(Saved entries)
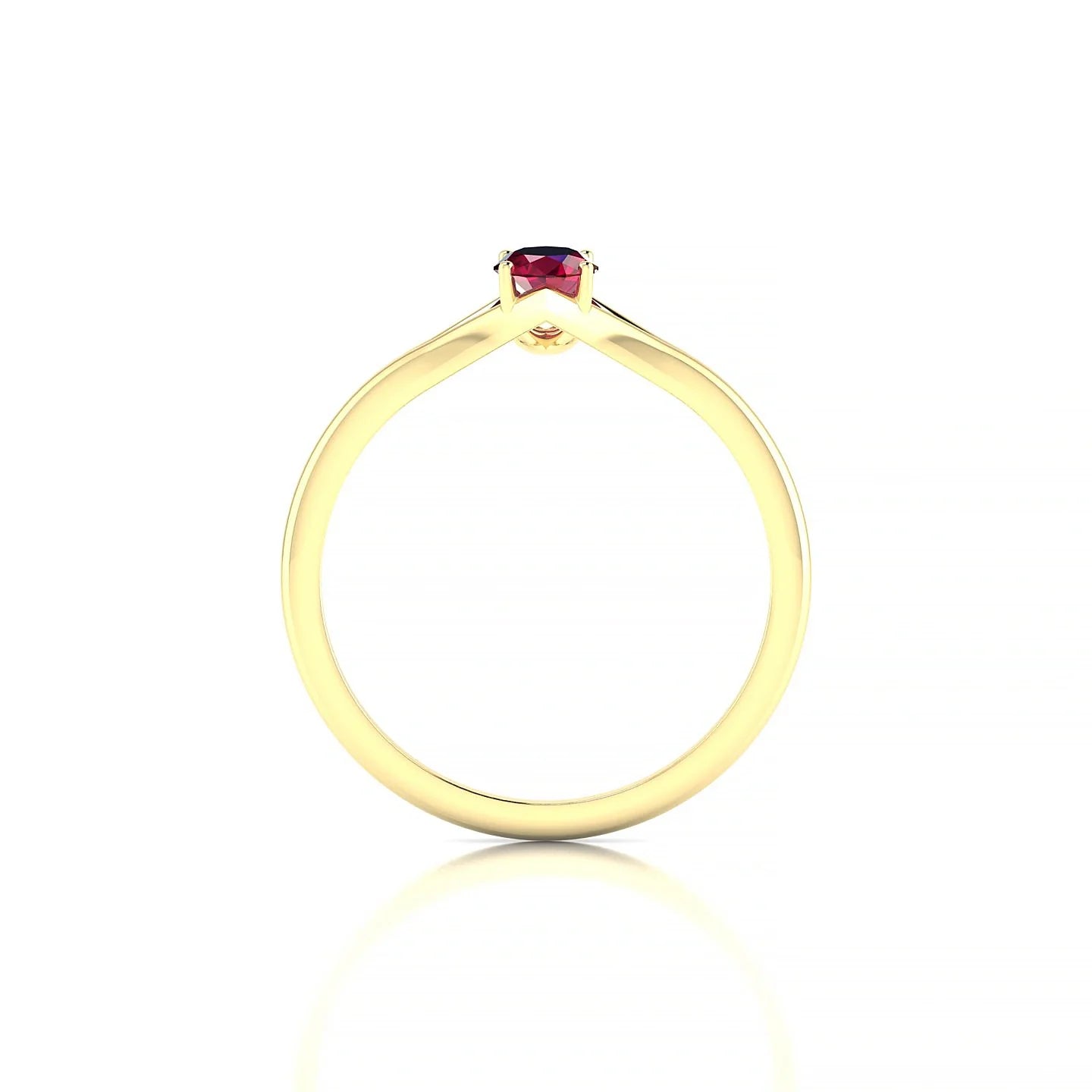 Rise | 18k Yellow Gold 6 x 4 mm Oval Ruby Ring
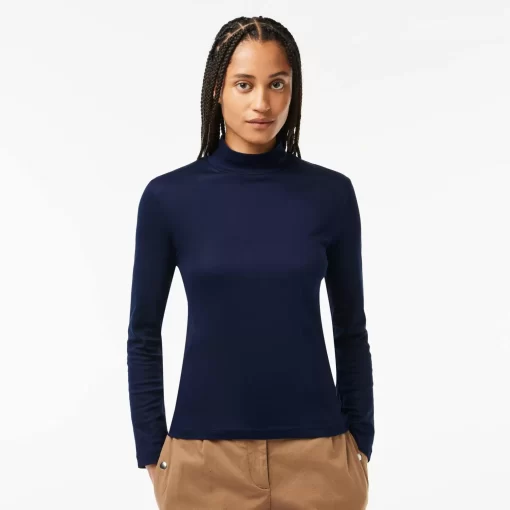 Lacoste T-Shirts-Women'S Cotton Turtleneck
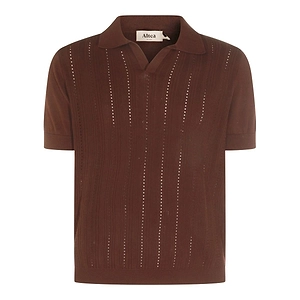 Altea Openwork Knit Polo Shirt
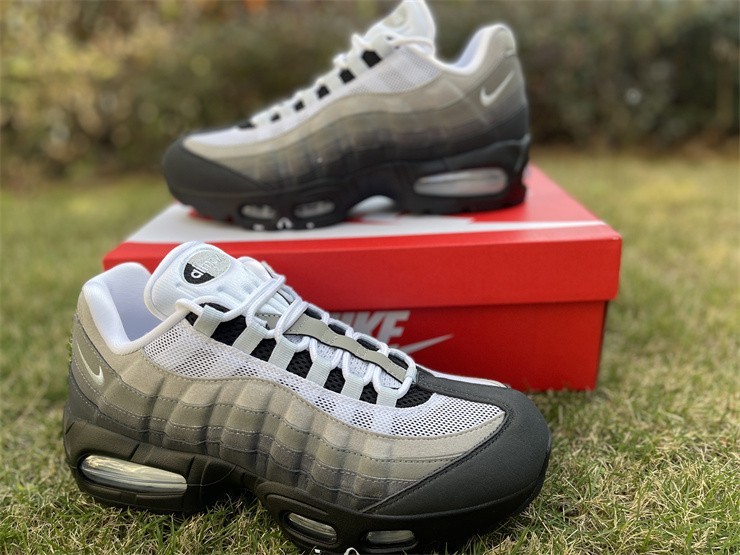 Men's new Nike Air Max 95 black, gray and white sports shoes "HJ5996-002"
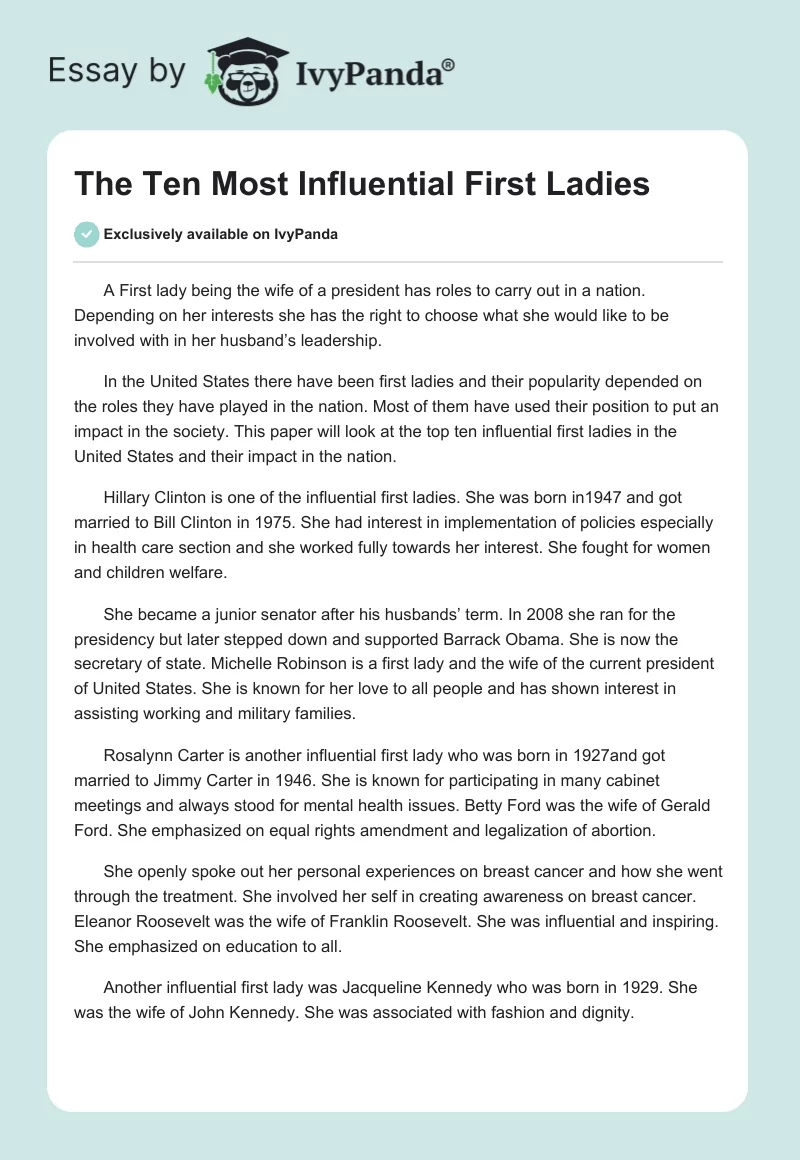 The Ten Most Influential First Ladies. Page 1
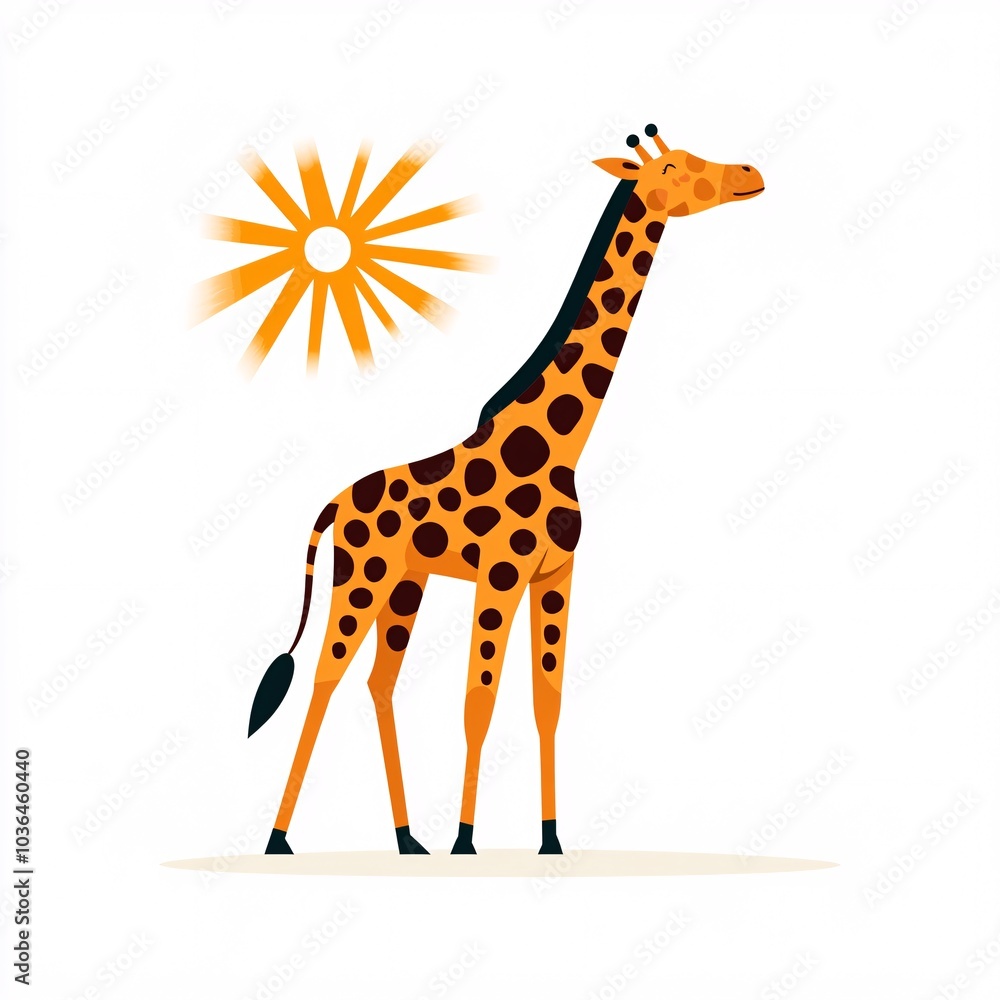 Fototapeta premium Cute Cartoon Giraffe Dancing in a Talent Show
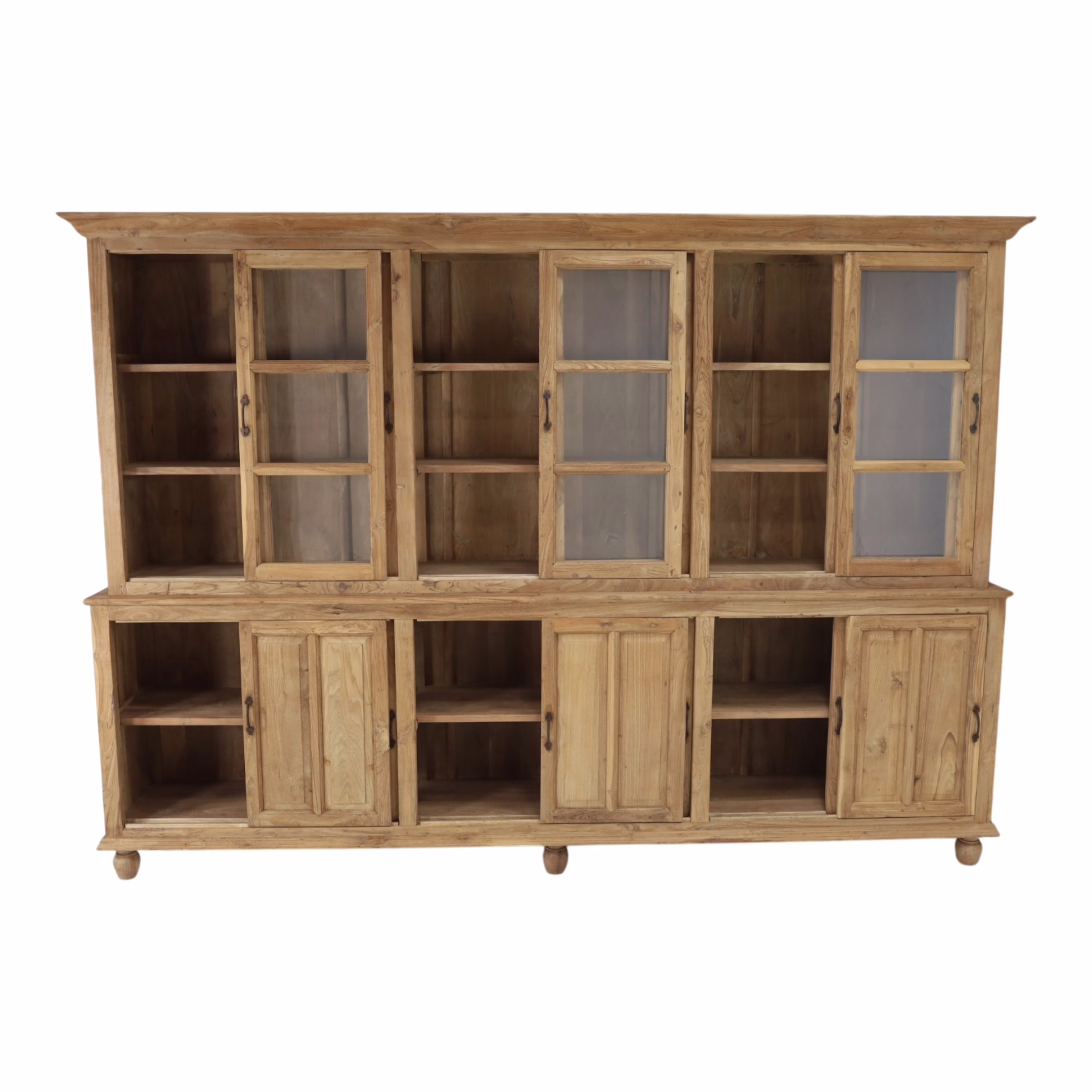 Arnhem 120" Hand Crafted Teak Wood Display Cabinet 5 Solid Teak Display Cabinet with open doors revealing storage and display compartments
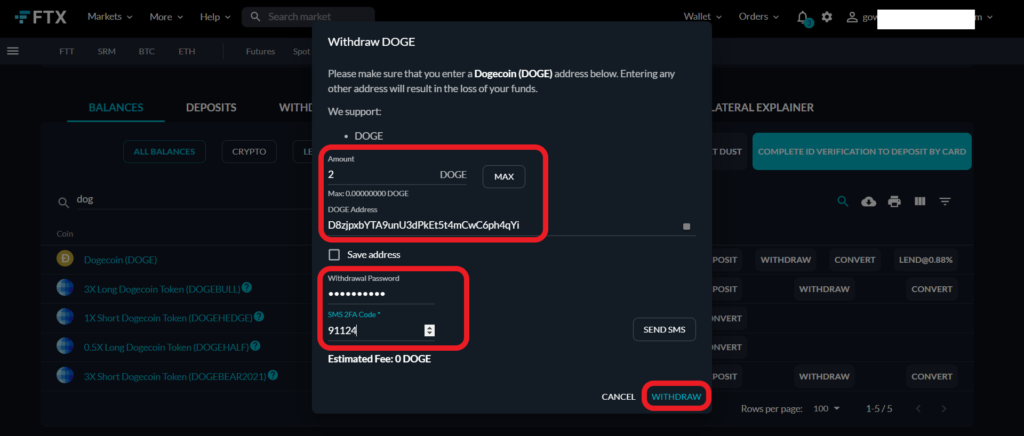 Transfer Dogecoin (DOGE) from FTX to Trust Wallet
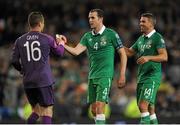 7 September 2015; Republic of Ireland's Shay Given, John O'Shea and Jon Walters congratulate each other after their side's victory. UEFA EURO 2016 Championship Qualifier, Group D, Republic of Ireland v Georgia, Aviva Stadium, Lansdowne Road, Dublin. Picture credit: Seb Daly / SPORTSFILE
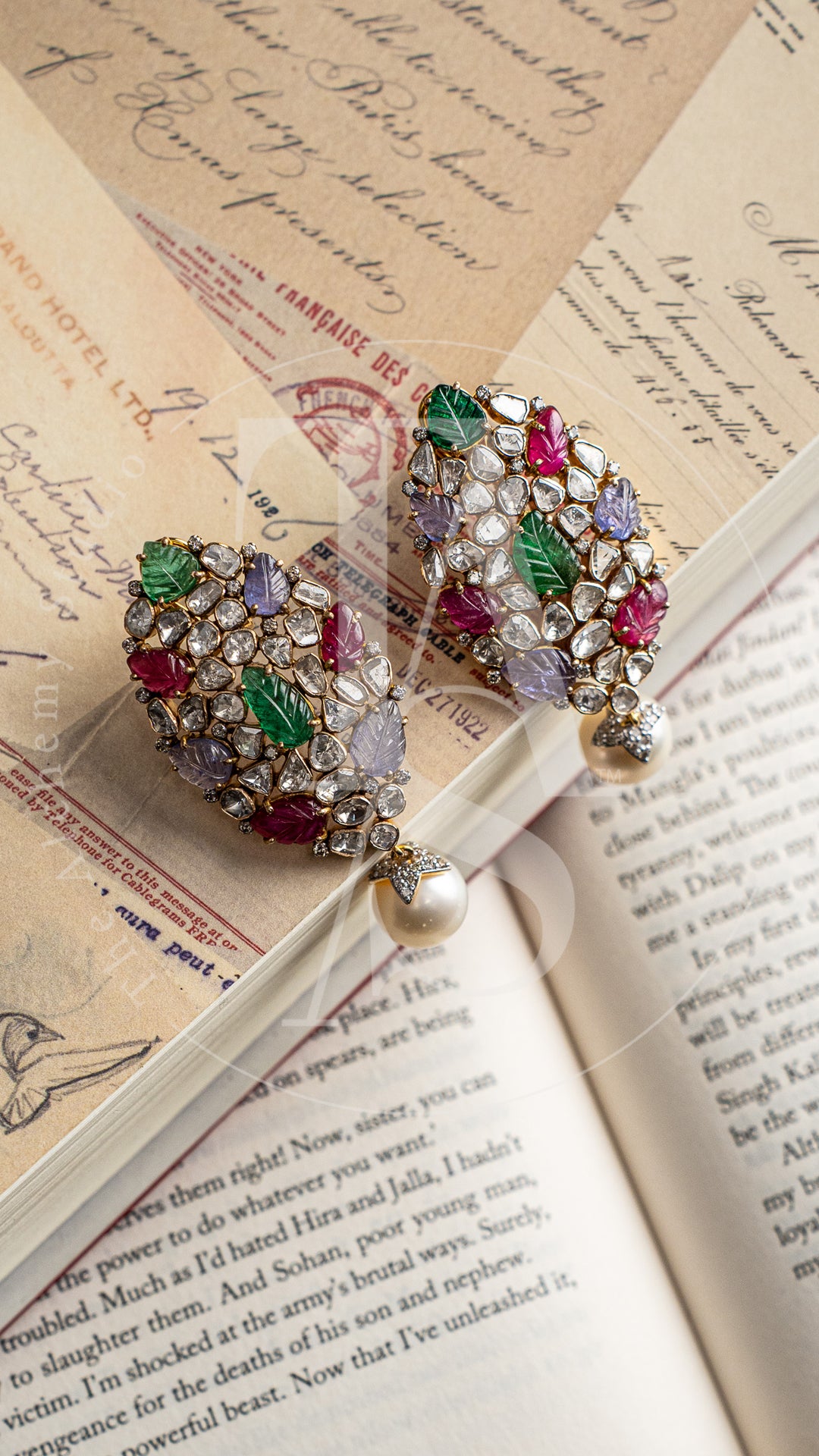 Abelia Colourful Uncut Diamond Earrings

**TASK TO COMPLETE**
Output the data above exactly, beginning at its first line and ending with the line that holds "7 September 2015;". Leave out the pictures and add nothing.

**RESPONSE**
 Rise | 18k Yellow Gold 6 x 4 mm Oval Ruby Ring
 Lacoste T-Shirts-Women'S Cotton Turtleneck
 Altea Openwork Knit Polo Shirt
 Men's new Nike Air Max 95 black, gray and white sports shoes "HJ5996-002"
 The Ten Most Influential First Ladies. Page 1
 Fototapeta premium Cute Cartoon Giraffe Dancing in a Talent Show
 Arnhem 120" Hand Crafted Teak Wood Display Cabinet 5 Solid Teak Display Cabinet with open doors revealing storage and display compartments
 Transfer Dogecoin (DOGE) from FTX to Trust Wallet
 7 September 2015; Republic of Ireland's Shay Given, John O'Shea and Jon Walters congratulate each other after their side's victory. UEFA EURO 2016 Championship Qualifier, Group D, Republic of Ireland v Georgia, Aviva Stadium, Lansdowne Road, Dublin. Picture credit: Seb Daly / SPORTSFILE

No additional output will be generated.